● ABOUT THIS TASK
A faithful copy of the listing below is needed, one that contains no pictures.

———

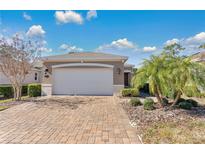 Single-story home with a two-car garage and paved driveway at 161 Old Moss Cir, Deland, FL 32724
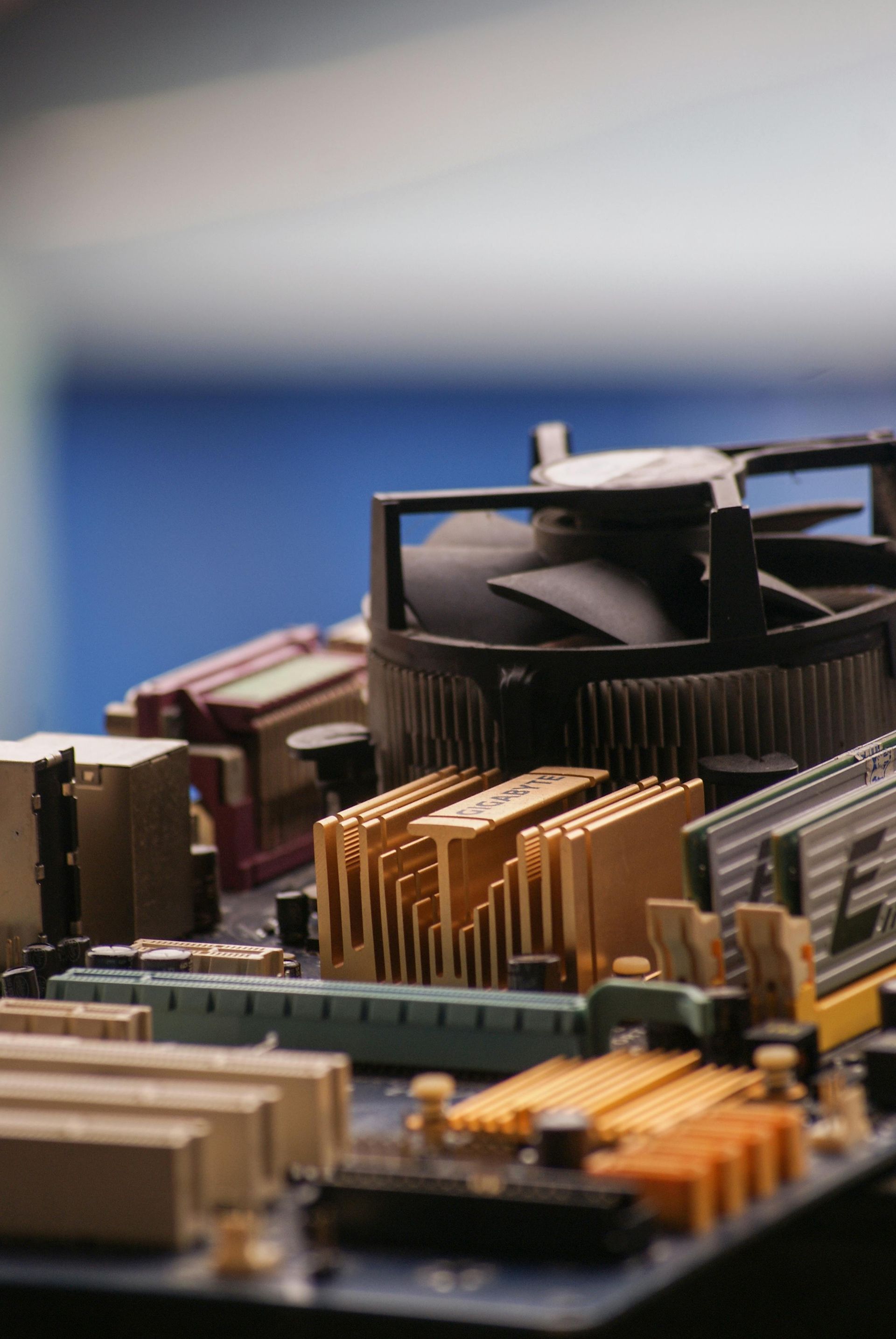 A close up of a motherboard with a fan on it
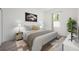 Stylishly decorated bedroom with a large window, comfortable bed, and complementary decor at 404 Famagusta Dr, Davenport, FL 33896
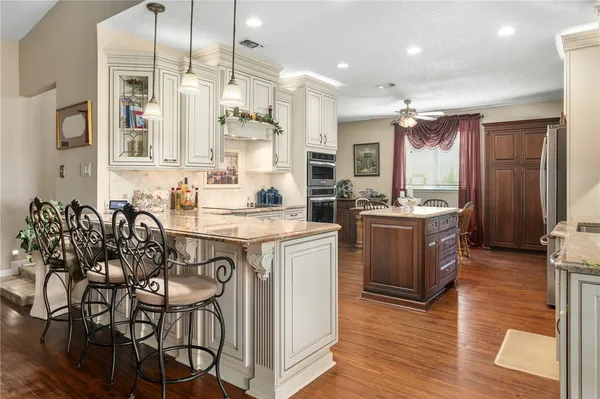 a kitchen with stainless steel appliances kitchen island granite countertop a stove a sink and a refrigerator
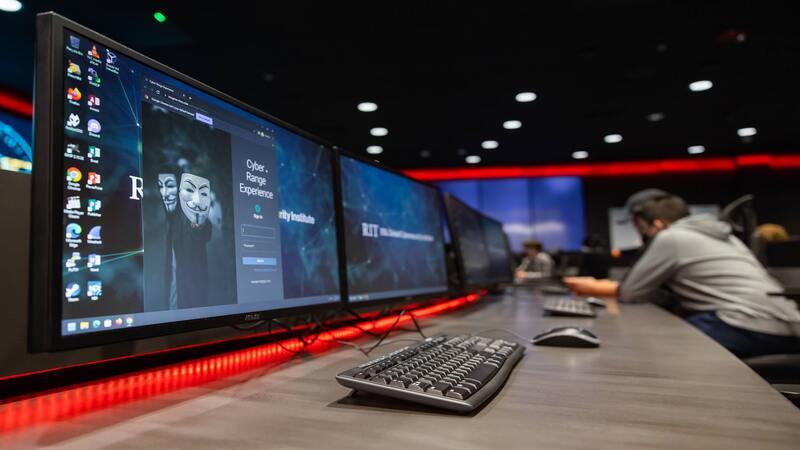 Multiple computer screens on with keyboards
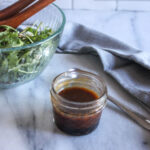 salad dressing mixed in a jar with a bowl of salad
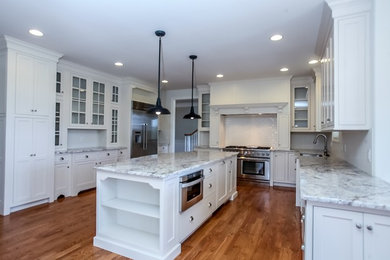 Inspiration for a large timeless u-shaped medium tone wood floor eat-in kitchen remodel in Philadelphia with an undermount sink, glass-front cabinets, white cabinets, marble countertops, white backsplash, wood backsplash, stainless steel appliances and an island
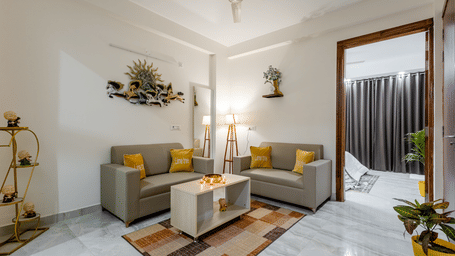 Living room of Lime Tree Hotels & Service Apartment Private Limited featuring a grey sofa, potted plants, and wall decor above a console.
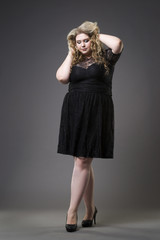 Young beautiful plus size model in black dres, xxl woman on gray studio background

———

● EXERCISE OUTPUT
 Single-story home with a two-car garage and paved driveway at 161 Old Moss Cir, Deland, FL 32724
 A close up of a motherboard with a fan on it
 Stylishly decorated bedroom with a large window, comfortable bed, and complementary decor at 404 Famagusta Dr, Davenport, FL 33896
 a kitchen with stainless steel appliances kitchen island granite countertop a stove a sink and a refrigerator
 Multiple computer screens on with keyboards
 salad dressing mixed in a jar with a bowl of salad
 Inspiration for a large timeless u-shaped medium tone wood floor eat-in kitchen remodel in Philadelphia with an undermount sink, glass-front cabinets, white cabinets, marble countertops, white backsplash, wood backsplash, stainless steel appliances and an island
 Living room of Lime Tree Hotels & Service Apartment Private Limited featuring a grey sofa, potted plants, and wall decor above a console.
 Young beautiful plus size model in black dres, xxl woman on gray studio background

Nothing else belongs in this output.